Problem to work on — From the entries below, please gather each line containing the string "pink".
────
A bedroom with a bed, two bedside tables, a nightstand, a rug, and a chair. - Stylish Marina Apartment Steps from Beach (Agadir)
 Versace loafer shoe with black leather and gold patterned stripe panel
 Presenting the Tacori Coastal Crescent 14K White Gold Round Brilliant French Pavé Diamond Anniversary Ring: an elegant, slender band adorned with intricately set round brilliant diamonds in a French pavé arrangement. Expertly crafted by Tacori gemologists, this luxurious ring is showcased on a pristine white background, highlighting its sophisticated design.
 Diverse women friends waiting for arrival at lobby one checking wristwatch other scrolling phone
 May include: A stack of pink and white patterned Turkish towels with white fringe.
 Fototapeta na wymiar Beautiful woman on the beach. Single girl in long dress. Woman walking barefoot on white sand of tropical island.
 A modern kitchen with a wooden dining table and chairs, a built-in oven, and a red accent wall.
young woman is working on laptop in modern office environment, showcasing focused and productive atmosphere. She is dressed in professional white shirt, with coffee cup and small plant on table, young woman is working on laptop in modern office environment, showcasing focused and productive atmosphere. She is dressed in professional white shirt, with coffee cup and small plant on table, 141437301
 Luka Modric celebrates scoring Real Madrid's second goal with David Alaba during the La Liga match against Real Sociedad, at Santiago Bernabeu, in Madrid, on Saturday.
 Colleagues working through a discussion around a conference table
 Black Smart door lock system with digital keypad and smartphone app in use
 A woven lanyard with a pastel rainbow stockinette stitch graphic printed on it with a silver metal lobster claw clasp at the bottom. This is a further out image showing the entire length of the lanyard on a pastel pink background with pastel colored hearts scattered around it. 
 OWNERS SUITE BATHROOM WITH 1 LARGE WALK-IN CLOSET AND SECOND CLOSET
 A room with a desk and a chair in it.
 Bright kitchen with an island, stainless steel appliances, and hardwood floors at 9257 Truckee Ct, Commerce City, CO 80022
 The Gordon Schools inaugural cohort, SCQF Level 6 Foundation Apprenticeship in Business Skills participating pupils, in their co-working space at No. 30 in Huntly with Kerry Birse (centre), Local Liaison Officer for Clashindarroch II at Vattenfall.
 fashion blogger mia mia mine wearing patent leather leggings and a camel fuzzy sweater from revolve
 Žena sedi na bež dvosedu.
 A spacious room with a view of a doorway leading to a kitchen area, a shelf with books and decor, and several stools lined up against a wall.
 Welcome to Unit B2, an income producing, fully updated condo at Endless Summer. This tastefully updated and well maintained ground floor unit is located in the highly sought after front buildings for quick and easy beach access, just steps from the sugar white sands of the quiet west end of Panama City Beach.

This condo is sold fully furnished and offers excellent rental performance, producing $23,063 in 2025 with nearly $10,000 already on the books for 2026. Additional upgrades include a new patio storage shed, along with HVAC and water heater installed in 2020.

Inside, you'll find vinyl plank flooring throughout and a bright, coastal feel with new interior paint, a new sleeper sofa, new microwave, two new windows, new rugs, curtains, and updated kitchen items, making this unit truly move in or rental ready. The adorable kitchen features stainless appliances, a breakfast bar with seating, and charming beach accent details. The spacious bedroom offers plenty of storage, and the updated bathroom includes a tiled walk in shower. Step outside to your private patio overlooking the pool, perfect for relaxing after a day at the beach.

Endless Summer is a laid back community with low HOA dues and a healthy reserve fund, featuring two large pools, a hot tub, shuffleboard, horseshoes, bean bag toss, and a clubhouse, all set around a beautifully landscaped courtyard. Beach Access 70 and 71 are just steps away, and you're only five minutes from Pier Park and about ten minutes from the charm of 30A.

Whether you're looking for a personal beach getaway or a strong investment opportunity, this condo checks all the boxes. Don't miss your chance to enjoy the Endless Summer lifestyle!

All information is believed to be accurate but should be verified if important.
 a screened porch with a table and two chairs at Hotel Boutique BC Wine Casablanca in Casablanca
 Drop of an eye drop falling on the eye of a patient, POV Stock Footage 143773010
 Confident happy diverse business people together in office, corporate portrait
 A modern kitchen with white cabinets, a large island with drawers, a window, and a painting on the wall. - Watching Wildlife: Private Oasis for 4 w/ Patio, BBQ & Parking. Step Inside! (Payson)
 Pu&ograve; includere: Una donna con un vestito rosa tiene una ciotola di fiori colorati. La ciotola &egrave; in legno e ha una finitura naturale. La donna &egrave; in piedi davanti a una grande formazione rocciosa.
────
Output for this exercise —
 May include: A stack of pink and white patterned Turkish towels with white fringe.
 A woven lanyard with a pastel rainbow stockinette stitch graphic printed on it with a silver metal lobster claw clasp at the bottom. This is a further out image showing the entire length of the lanyard on a pastel pink background with pastel colored hearts scattered around it. 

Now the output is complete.